Task to complete:
Beginning with the line that holds "Apartamento FRENTE MAR", copy every remaining line of the listing below exactly, and leave the pictures out.

Exercise materials:
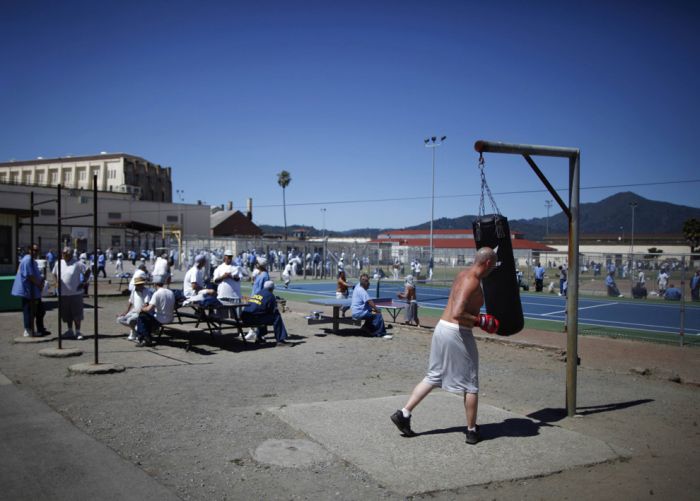 Inside San Quentin State Prison (27 pics)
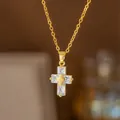 Nahaufnahme des goldene Kreuzanhängers mit Zirkonia-Verzierung und sehr feinem Glanz - Rechteckiges Hohles Zirkonia-Kreuz (8423)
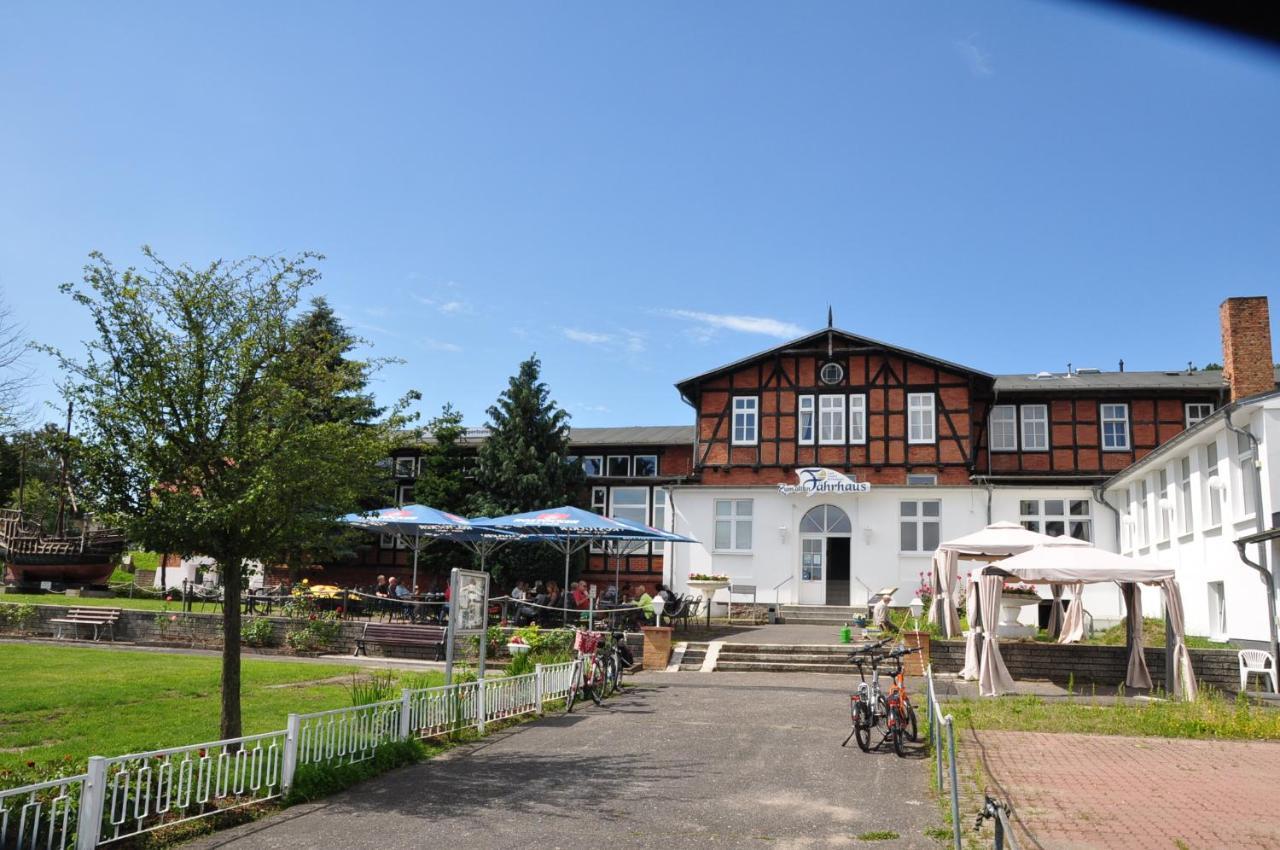 Pension Zum Alten Faehrhaus Rostock Eksteriør billede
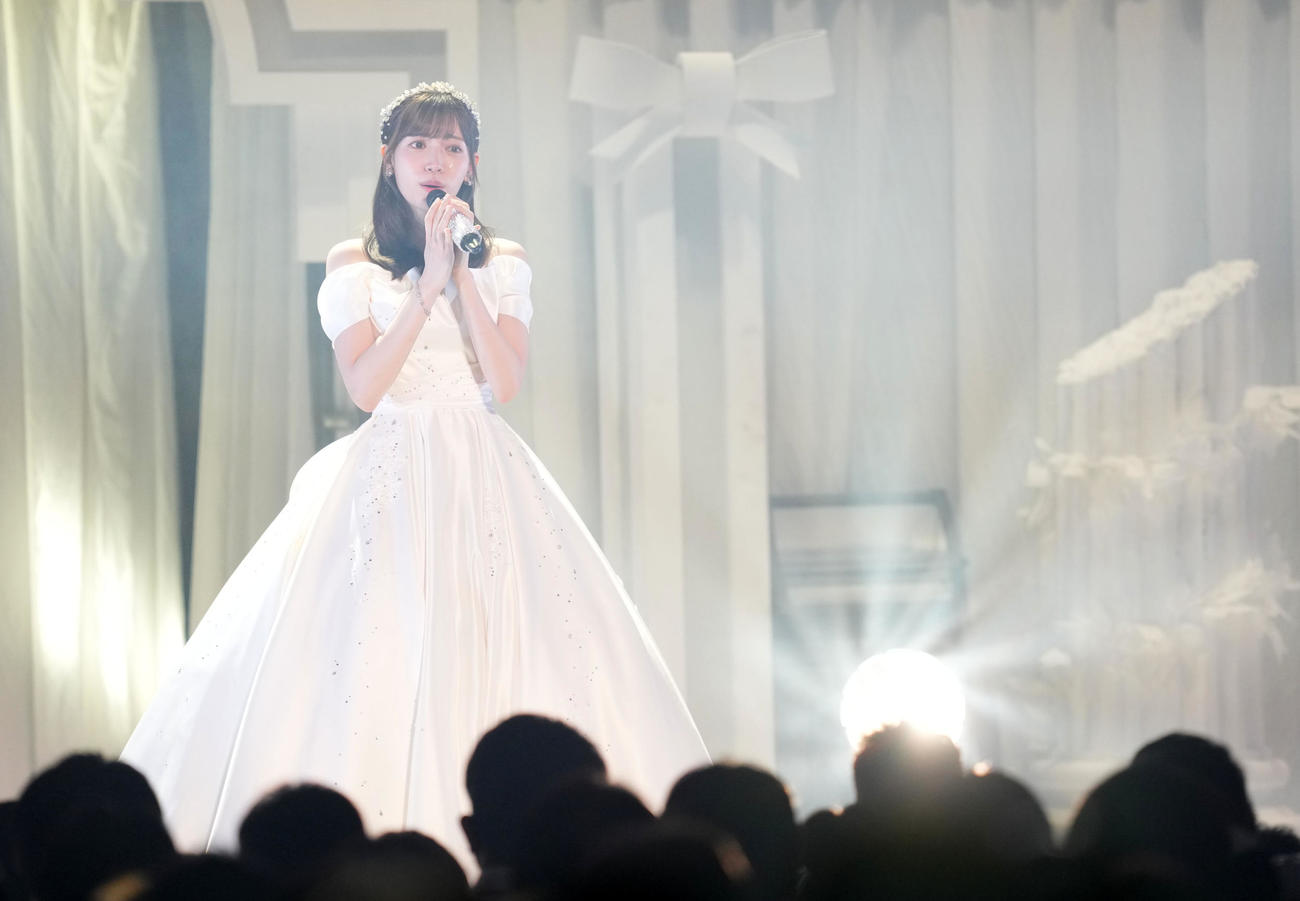 卒業コンサートで涙を流すHKT48運上弘菜（撮影・横山健太）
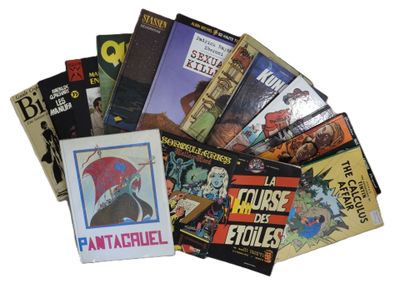 beaucoup de livres posés les uns à côté des autres sur une table
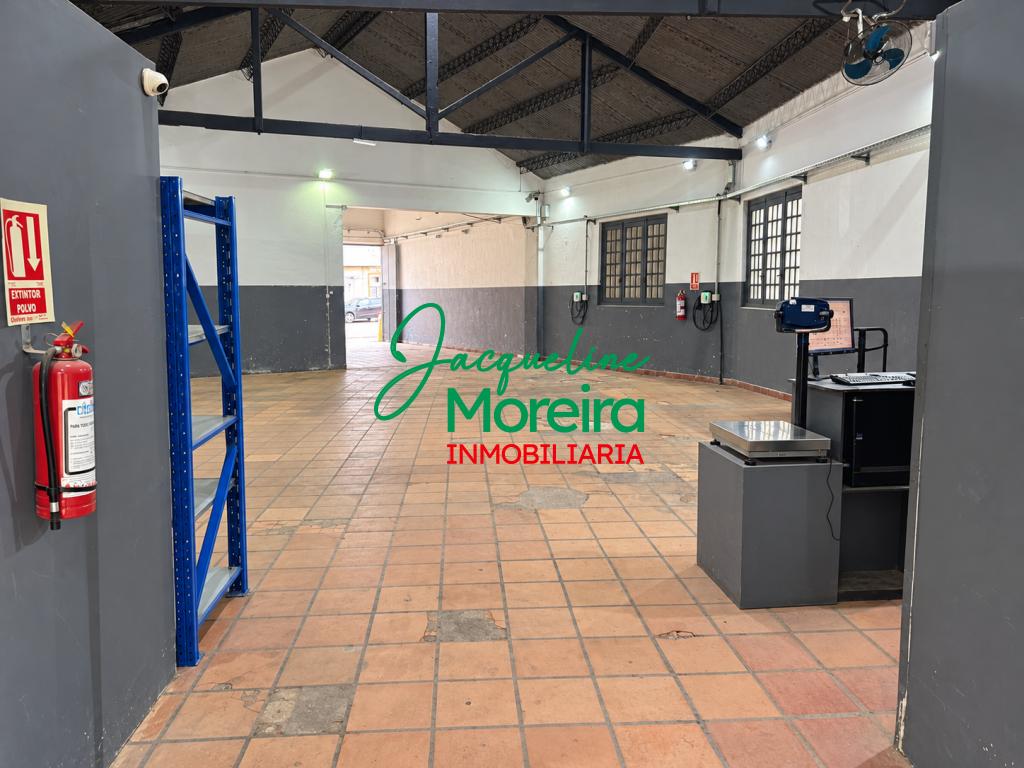 Gran local comercial en alquiler en el centro de Piriápolis. Excelente ubicacion y cuenta con entrada para camiones. · Foto 7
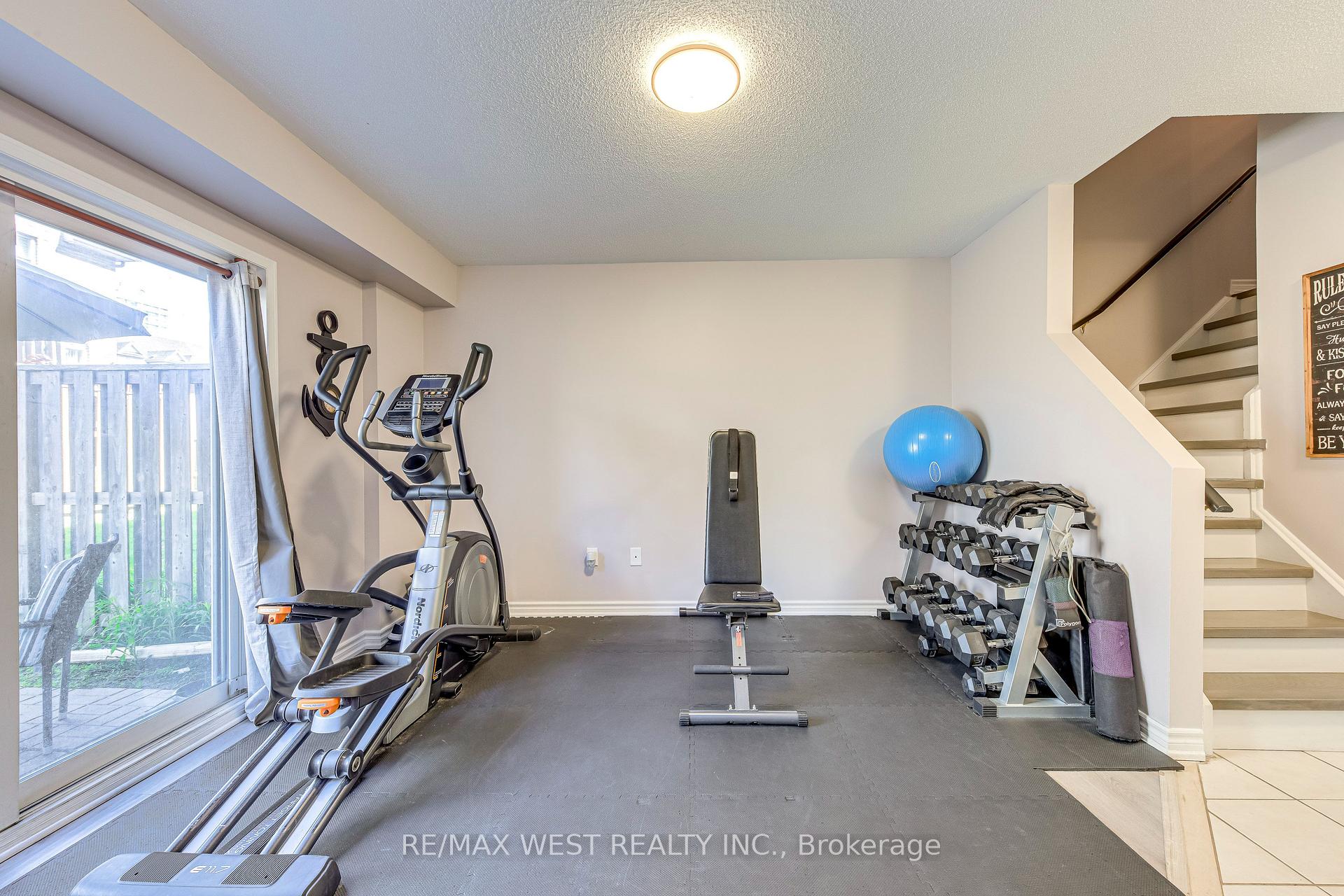 3 Bedrooms Condo at 50 Strathaven, Mississauga For sale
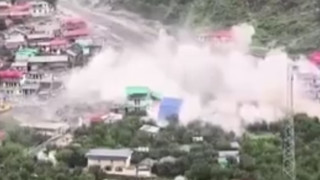 Heyelanda oluşan dev çamur dalgası bir şehri yutup geçti!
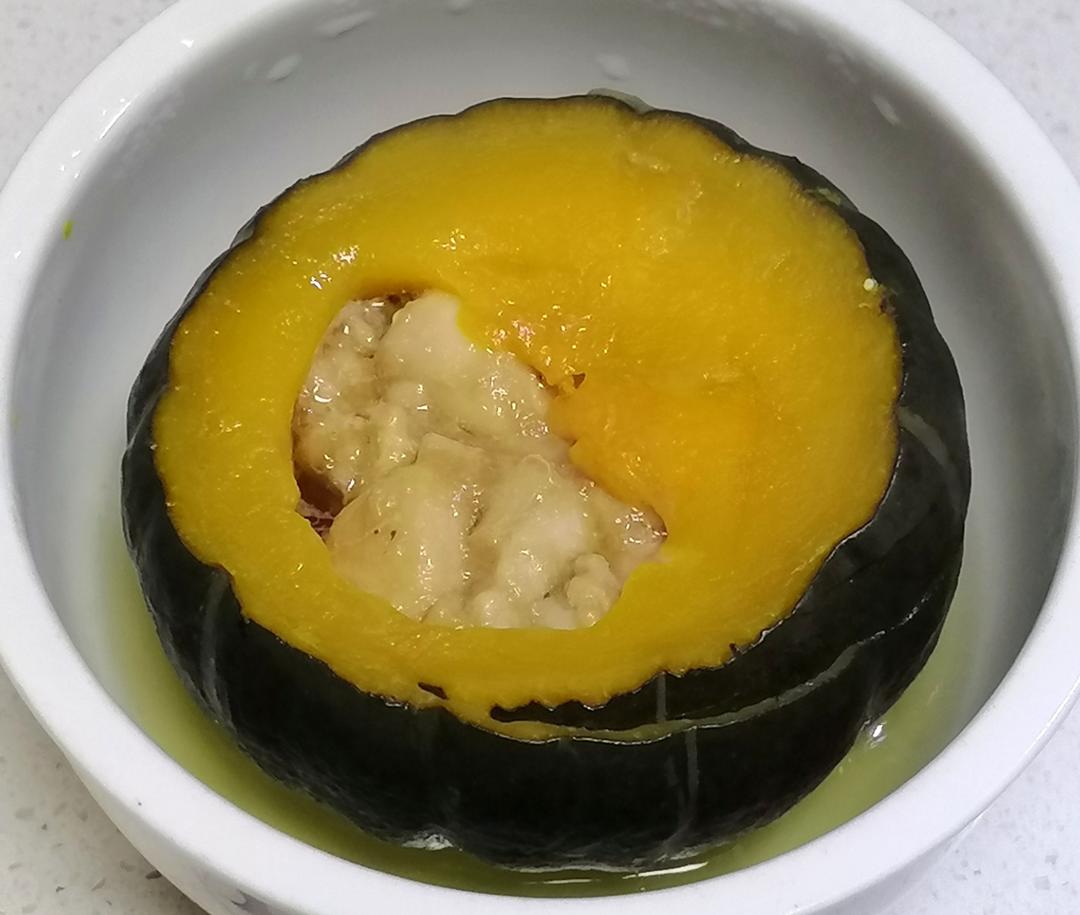 椰香南瓜鸡，贝贝南瓜和鸡腿的完美组合，做法简单，过节宴客创意菜首选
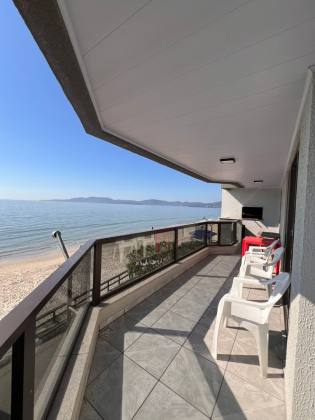 Apartamento FRENTE MAR com 3 quartos 1 suítes no bairro MEIA PRAIA em Itapema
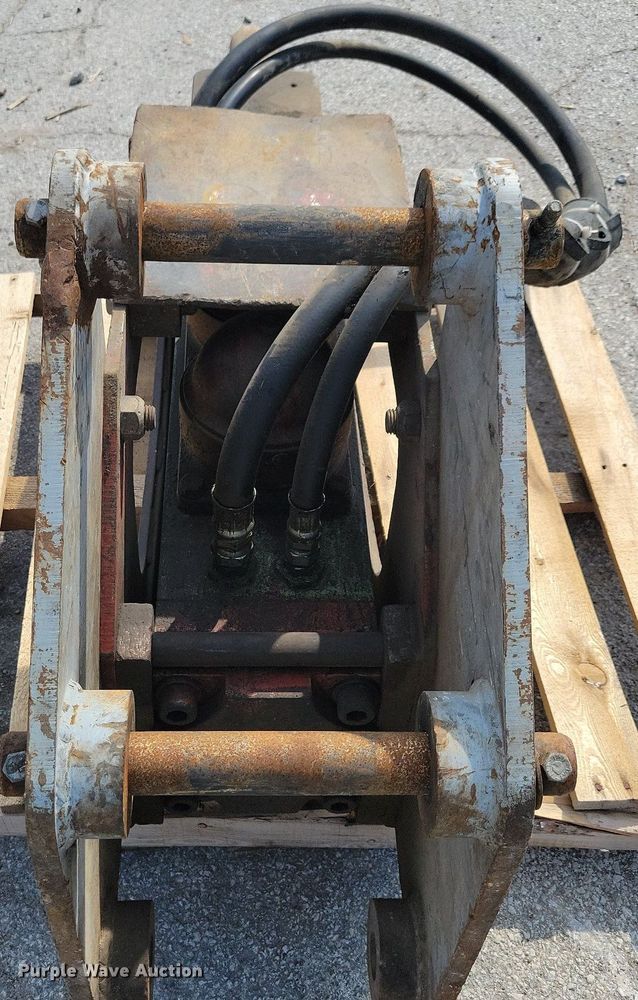 image for item JO9172 1992 Krupp HM600D  breaker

Result of this exercise:
 Apartamento FRENTE MAR com 3 quartos 1 suítes no bairro MEIA PRAIA em Itapema
 image for item JO9172 1992 Krupp HM600D  breaker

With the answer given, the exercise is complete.